Brachiosaurus, depicted in Jurassic Park, now has an early relative, providing clues to the evolution of some of the biggest creatures on Earth.
Scientists say the plant-eating dinosaur was longer than a double-decker bus and weighed 15,000kg.
Its remains were found in the 1930s in the Jura region of France.
Since then it has been somewhat over-looked, spending most of that time in storage crates in the National Museum of Natural History in Paris.
Lead researcher Dr Philip Mannion of Imperial College London said the dinosaur would have eaten all kinds of vegetation, such as ferns and conifers, and lived at a time when Europe was a series of islands.
''We don't know what this creature died from, but millions of years later it is providing important evidence to help us understand in more detail the evolution of brachiosaurid sauropods and a much bigger group of dinosaurs that they belonged to, called titanosauriforms,'' he said.
Titanosauriforms were some of the largest creatures ever to have lived on land and were very diverse, surviving right up until the asteroid strike that wiped out most life on Earth.
The new species, given the scientific name, Vouivria damparisensis, lived in the Late Jurassic, some 160 million years ago.
"It's the earliest member of a group that includes Brachiosaurus - one of the most famous dinosaurs we know - one of the prominent animals in Jurassic Park," Dr Mannion told BBC News
"And it gives us a much clearer idea of what's going on in the early evolution of this really important radiation of dinosaurs."
Sauropods
The dinosaur is a sauropod - a sub-group of titanosauriforms, which include well-known groups such as Brachiosaurus, Diplodocus and Brontosaurus.

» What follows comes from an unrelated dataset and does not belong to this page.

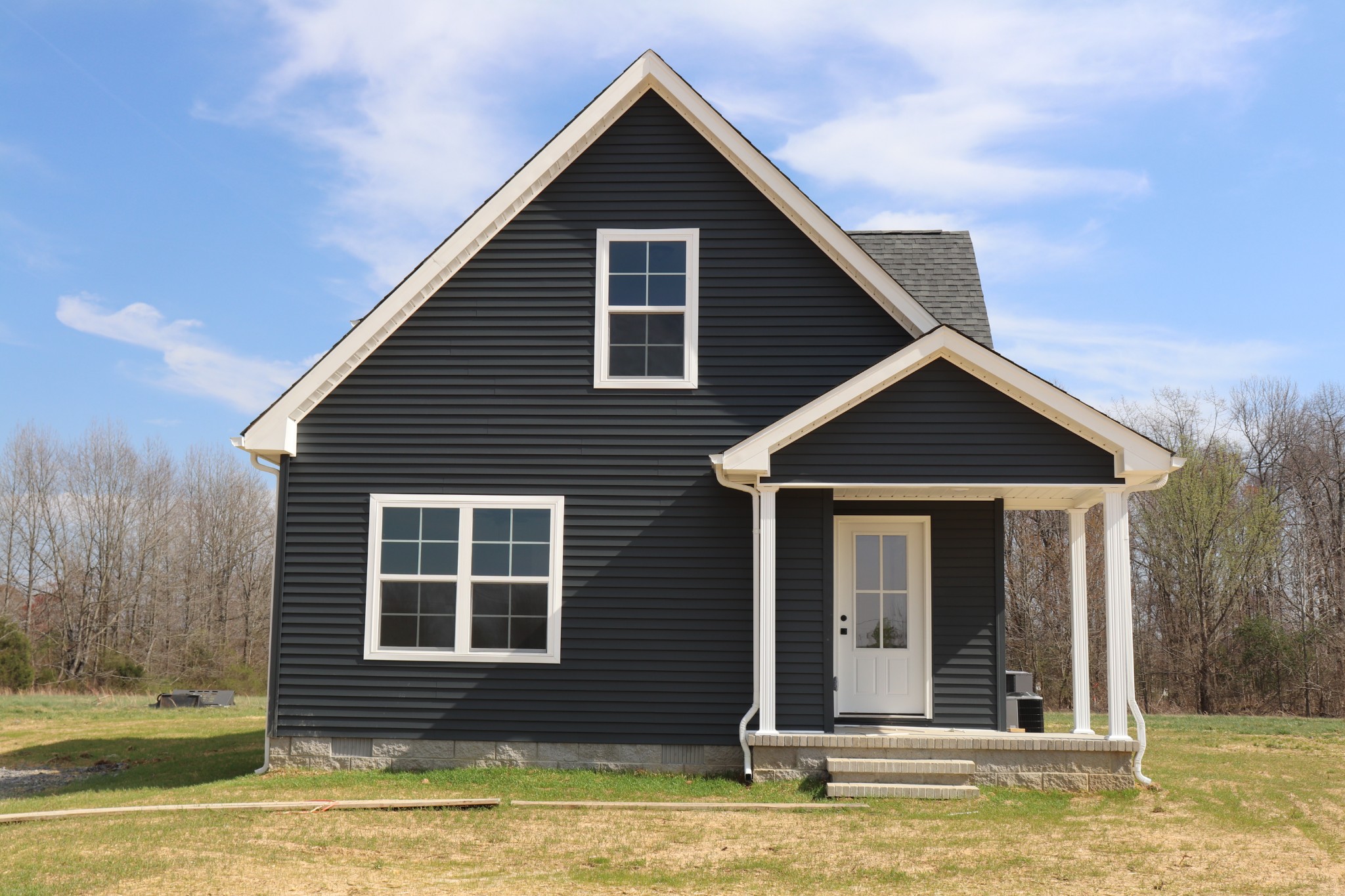 160 Garrett Road Lafayette, TN 37083 - Photo 2 of 18 a view of a house with a yard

They had very long necks, long tails, and small heads with thick, pillar-like legs.
The fossil predates the previously oldest-known member of this group by about five million years.
"It starts to give us an idea that these animals were evolving much earlier than the fossil record previously has indicated," Dr Mannion added.
"This pushes back a lot of origin times for a range of sauropod dinosaurs based on our understanding of how these different species related to one another."
The re-classification of Vouivria as an early member of the titanosauriforms will help in mapping their spread across the Earth, from Jurassic times to the extinction of all dinosaurs.
It is thought that they were present across Europe, the US and Africa, but became extinct in Europe towards the end of their reign.
The fossil was discovered in the village of Damparis in the Jura region of eastern France in 1934.
It was documented scientifically in the 1940s, but has not been studied in detail since then.
Its scientific name, Vouivria damparisensis, relates to 'La vouivre', a local folklore legend about a winged serpent.
Dr Mannion examined the bones of the creature along with scientists at the National Museum of Natural History in Paris and the CNRS/Université Paris 1 Panthéon-Sorbonne.
The research is published in the journal, PeerJ.